The second and fourth lines respectively read and write to Dest.
After optimization:
From the assembly results, it can be seen that the compiler put ACC directly in the register, the loop does not need to read and write memory.
Four. Cycle unfold
Cyclic expansion can reduce the number of cycles, the performance of the program with two improvements. The first is to reduce the calculation that does not contribute directly to the cycle, such as the calculation of the cyclic counting variables and the execution of branch jump instructions. The second is to provide the opportunity to further utilize the optimization of machine characteristics.
Example:
Before optimizing the code see SUM3 in the previous blog.
After optimization:
void Sum4 (vec_ptr v,data_t *dest) {
int i;
int Len=vec_length (v);
int limit=len-3;
data_t *data=get_vec_start (v);
data_t acc=0;
for (i=0;i<limit;i+=4) {
acc=acc+data[i]+data[i+1];
ACC=ACC+DATA[I+2]+DATA[I+3];
}
for (; i<len;++i)
acc+=data[i];
*DEST=ACC;
}
By looping through, each iteration will accumulate 4 elements, reduce the number of cycles, thereby reducing the total execution time (this optimization method is used alone, there is hardly any increase in floating-point numbers, but integer fatigue benefits from a significant increase in the compiler's heavy association code changes).
This optimization can be done directly using the compiler, the optimization level is set to a higher level, the compiler will automatically loop expansion. Using GCC, you can use the-funroll-loops option explicitly.

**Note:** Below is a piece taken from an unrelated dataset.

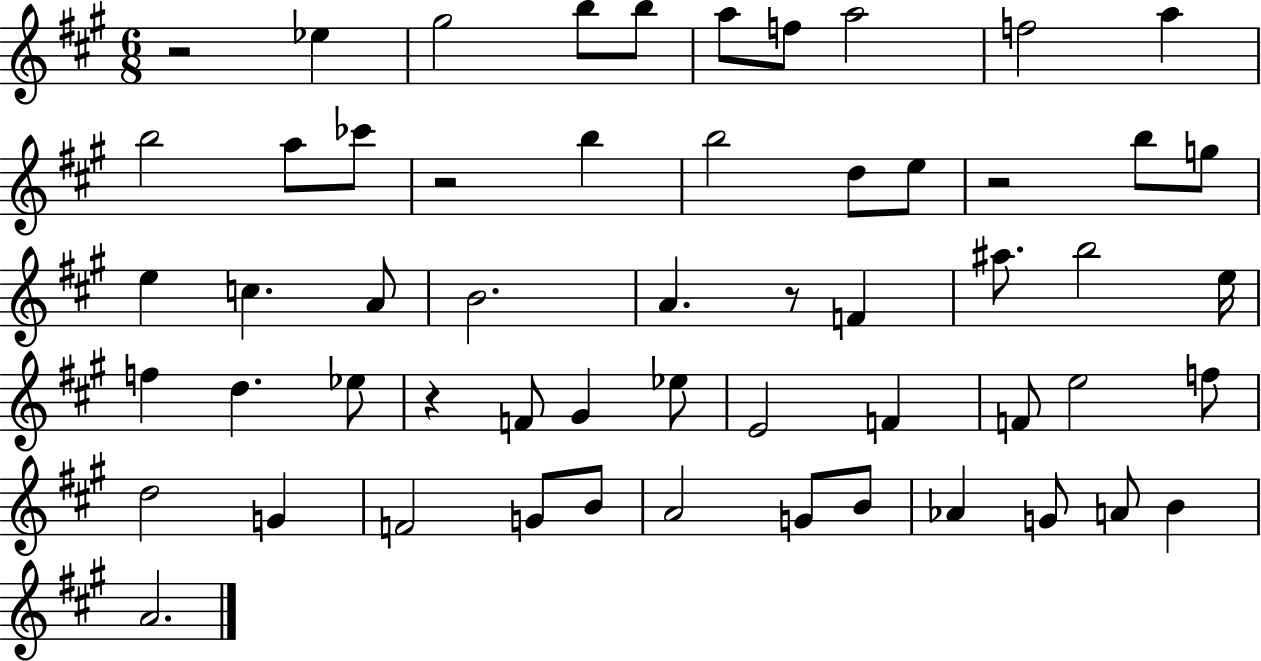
R/h Eb5/q G#5/h B5/e B5/e A5/e F5/e A5/h F5/h A5/q B5/h A5/e CES6/e R/h B5/q B5/h D5/e E5/e R/h B5/e G5/e E5/q C5/q. A4/e B4/h. A4/q. R/e F4/q A#5/e. B5/h E5/s F5/q D5/q. Eb5/e R/q F4/e G#4/q Eb5/e E4/h F4/q F4/e E5/h F5/e D5/h G4/q F4/h G4/e B4/e A4/h G4/e B4/e Ab4/q G4/e A4/e B4/q A4/h.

Five. Improving parallelism
Most modern processors adopt pipelining and Superscalar technology, which can realize instruction level parallelism. We can use this feature to further optimize the code.
2.1 Using multiple cumulative variables
Optimizing Code Samples
void Sum5 (vec_ptr v,data_t *dest) {
int i;
int Len=vec_length (v);
int limit=len-1;
data_t *data=get_vec_start (v);
data_t acc0=0;
data_t acc1=0;
for (i=0;i<limit;i+=2) {
acc0+=data[i];
ACC1+=DATA[I+1];
}
for (; i<len;++i)
acc0+=data[i];
*DEST=ACC0+ACC1;
}
At the same time, the use of cyclic expansion and the use of a number of cumulative variables, on the one hand reduce the number of cycles, on the other hand, the characteristics of instruction-level parallelism so that each iteration of the two addition can be executed in parallel. Based on these two points, the program execution time can be significantly reduced. By increasing the number of expansion times and the number of cumulative variables, the performance of the program can be further improved until the throughput limit of the machine instruction execution.
2.2 Combined Transform
In addition to using multiple cumulative variables to explicitly use the machine's command-level parallelism, the operation can be combined with transformations to break the sequential dependencies to enjoy the benefits of instruction-level parallelism.
In Sum4, the binding order of acc=acc+data[i]+data[i+1] is acc= (acc+data[i)) +data[i+1];
We turn it into acc=acc+ (data[i]+data[i+1]);
The code is as follows:
void Sum6 (vec_ptr v,data_t *dest) {
int i;
int Len=vec_length (v);
int limit=len-3;
data_t *data=get_vec_start (v);
data_t acc=0;
for (i=0;i<limit;i+=4) {
acc=acc+ (data[i]+data[i+1]);
acc=acc+ (data[i+2]+data[i+3]);
for (; i<len;++i)
acc+=data[i];
*DEST=ACC;
}
Further increase the number of cyclic expansion, can further improve the program performance, and ultimately can achieve the machine instruction execution throughput limit. (The performance improvement of the integer multiplication mentioned in the loop show is that the compiler implicitly takes this transformation, but because the floating-point number is not binding, the compiler is not adopted, but the programmer can use this explicitly to ensure that the program results are correct).